Online petitions requesting a return to Facebook.com’s old design have popped up everywhere as teenagers and college students all over the nation cry foul over the social networking site’s new design. The site’s earlier, simpler interface has been replaced with a complicated series of tabs and menus that are much harder to navigate. Being a Facebook user myself, I decided to check it out and see if all the complaints were warranted.

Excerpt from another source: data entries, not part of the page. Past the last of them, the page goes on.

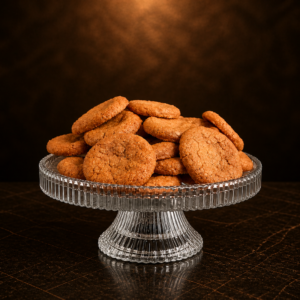 Speculooskoekjes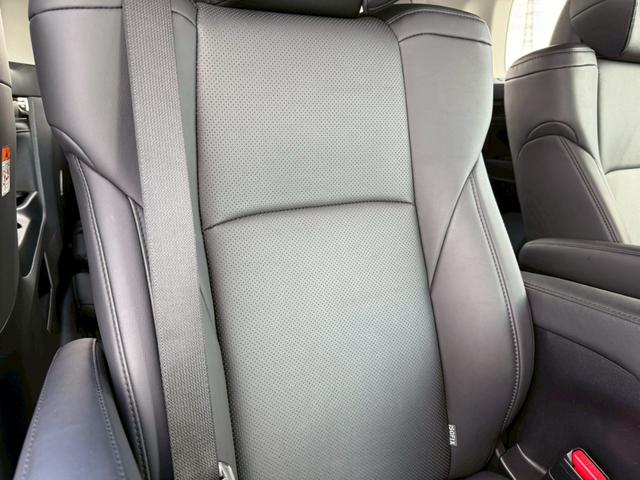 アルファード 2.5S Cパッケージ サンルーフ 純正ディスプレイオーディオ+ナビ フリップダウンモニター デジタルインナーミラー フルセグTV 3眼LEDヘッドライト 両側電動スライドドア 電動バックドア シートヒーター シートクーラー(69枚目)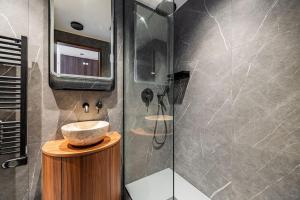 151 Suite luxueuse-Etienne Marcel-Châtelet-Paris 3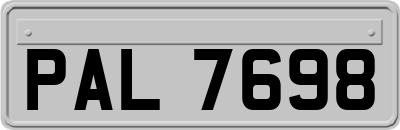 PAL7698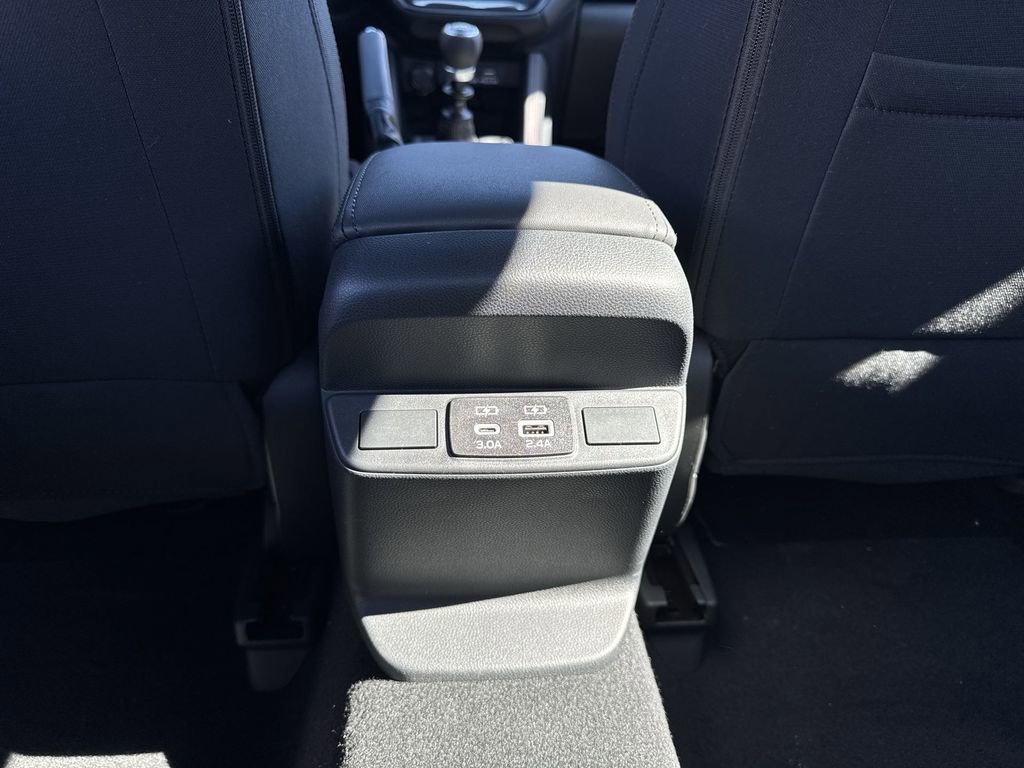 New 2026 Subaru WRX Premium image 21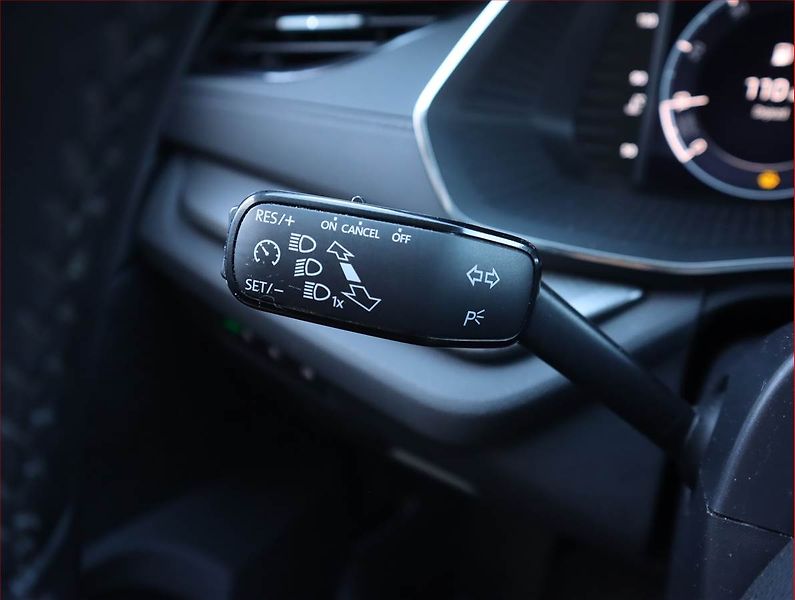 Škoda Octavia (2022) Ambition 2.0 TDI - fotka 17 z 19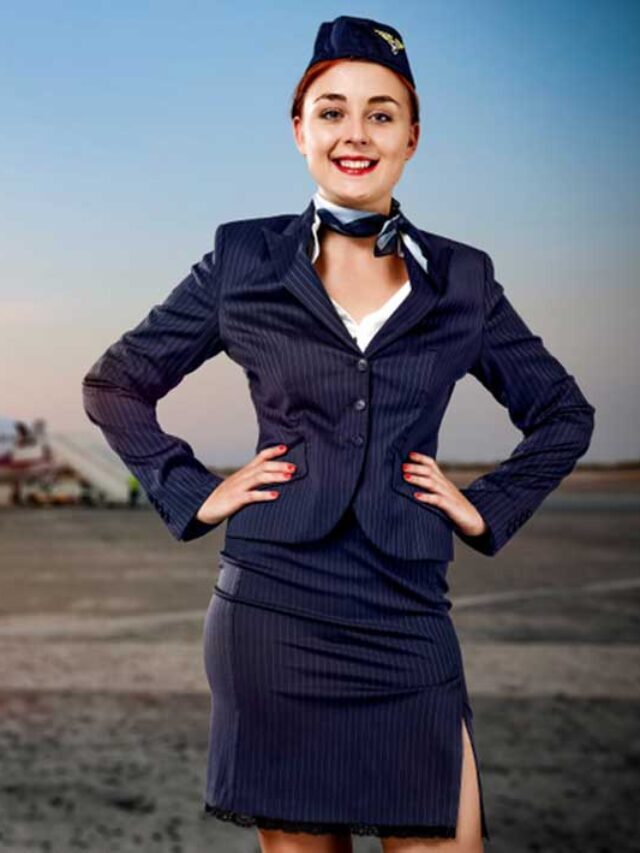 Top 10 Aviation Colleges in India 2023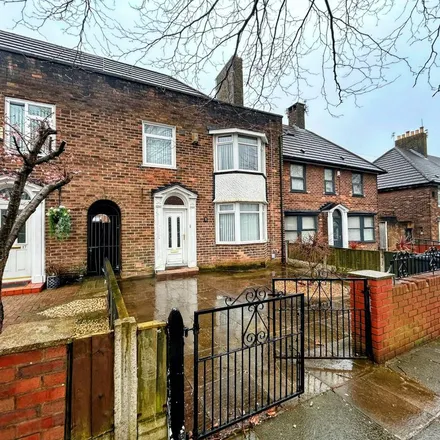 Image 7 - 63 Wastle Bridge Road, Knowsley, L36 8BA, United Kingdom - Townhouse for rent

Here are some of the more significant differences I found:
* Popular “Poke” feature replaced by the more blunt “Can We Just Fuck and Get It Over With?” tab.
* If more than 50% of your photos feature you and your significant other, must choose a newly created relationship status known as Whipped.
* Anyone over the age of 35 with an account is placed in one of two categories: creepy or pathetic.
* In order to add someone as a friend, you must be able to produce proof of friendship that couldn’t be acquired through hardcore stalking.
* For the ladies: if there are two girls in your profile photo, you must clearly delineate whether you are the hot one or the dog face.
* In order to prevent drunk messaging, anyone logging on after 3 AM must blow less than a .08 into the Facebook breathalyze.
* An angry hawk will be dispatched to the house of anyone who tries to get you to be a pirate, or zombie, or ninja, or Dracula, or whatever the fuck else those losers are trying to get you to be.
* If you make more than 2 status updates in one day, your computer will grow robot arms and choke you out.
* In order to curb excessive use of the feature, every “bumper sticker” you receive is read aloud by Gilbert Gottfried repeatedly until you delete it.
* The new, more powerful Mini-Feed updates your friends every time you eat, breathe, or take a shit.
* In the upper right corner of every picture you’re drunk in, there’s a smaller picture of your grandparents frowning.